【第298回】 遠心力

合気道は引力の養成であるともいわれる。事実、長年稽古をしていくと稽古相手がどんどんくっつくようになってくる。初心者は相手をくっつけられず、弾いたり、相手を離してしまうものだ。

この引力という力を、合気道では呼吸力と言うはずである。この引力を養成するために、呼吸力ということを大切にしている。そのための鍛錬法として呼吸法をつくり、どの道場でもこの呼吸法を必ず行っているはずである。

呼吸力とは力であるが、腕力、体力とは違う。腕力や体力は本人の体格にほぼ比例し、外から見てもその力がほぼ検討がつく。これに対して、呼吸力は体格とは比例しないので、その力は外からは予想できない。小が大を制すのは、この体格と無関係な呼吸力ということになるだろう。

呼吸力の最大の特徴は、先述のように相手をくっつけてしまうことである。なぜくっつくのかというと、この力は求心力と遠心力の相反する力で構成されるからといえるだろう。通常の、いわゆる腕力は押したり突いたりと、出るか又は引っ張るかの一方方向に働く力と言っていいだろう。

相手をくっつけるには、相手と接する時の接し方と、そこから技をかけていく時が重要である。しかし相手がくっついてきて、相手と一体化するのも容易ではないが、そこから技をかけていくことも難しいものである。

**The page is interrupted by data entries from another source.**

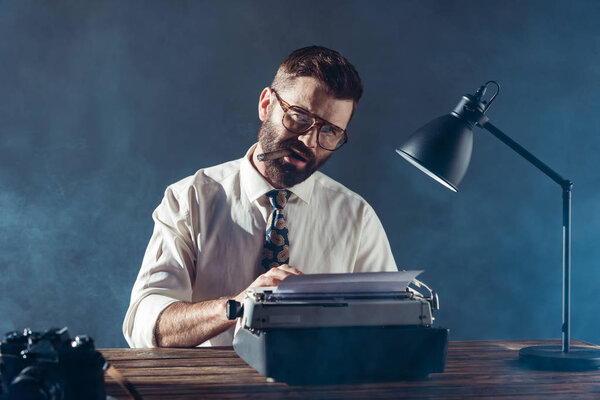 bearded journalist sitting at table, typing on typewriter, smoking and looking at camera on grey background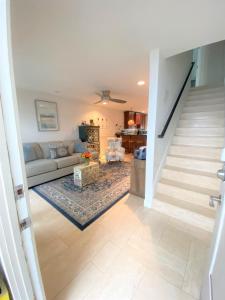 a living room with a couch and a staircase at Bay Beach Bungalow in San Diego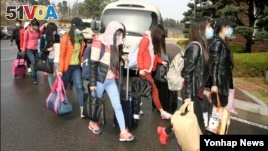 Thirteen North Korean workers who escaped an overseas North Korea restaurant and arrived in Seoul on April 7. South Korea's Unification Ministry announced several defections recently.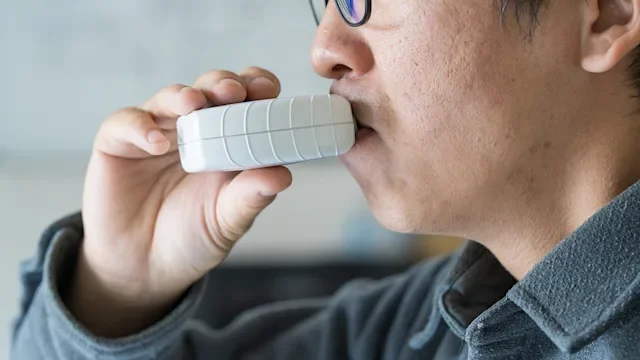Asthma: closeup man using an inhaler 1821944789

その原因の一つに、呼吸力の中で、陰陽のバランスが取れていないことがある。要は遠心力が弱いのである。

合気道では、技を使う際に後退しない、つまり後ずさりすることはない、と教えられている。後ずさりをするというのは、遠心力が使えないことになるわけで、間違いといえるだろう。相手に技を掛けるときは、相手のまわりを回るのではなく、相手に自分のまわりを回らせるようにしなければならない。これには遠心力が必要である。

遠心力から出る力を使うためには、やるべきことと、多少の努力が必要である。先ず、遠心力の支点となる腰に力を集中し、その力を進むべき足に移動させていかなければならない。

これが分かりやすいのは、「片手取り四方投げ」であろう。持たせた手を腰と結び、重心をこの側から他方の足に移し腰を反転すると、手は円を描き、相手は遠心力で円の外に飛び出すようになる。腰を支点にして自分の腕を左右に振ると、腕が遠心力で外側に向かって出るというのと、同じ原理である。この場合は、自分の腕が相手と繋がって長くなる、と考えればよいだろう。

この遠心力が働かないと、四方投げだけではなく、他のすべての技(形)も効かないはずである。人は無意識の内に、自分の方へと引っ張る求心力を使うものである。これを意識転換して、その求心力に見合うように、遠心力を養成しなければならないだろう。

遠心力と求心力がひとつに調和すれば、呼吸力になり、相手がくっつくようになるし、技が効いてくる。相手に技が効くようになるには、遠心力のつく稽古を意識してやるのがよいだろう。遠心力をつける稽古には、やはり呼吸力(遠心力+求心力)養成法である呼吸法がよい。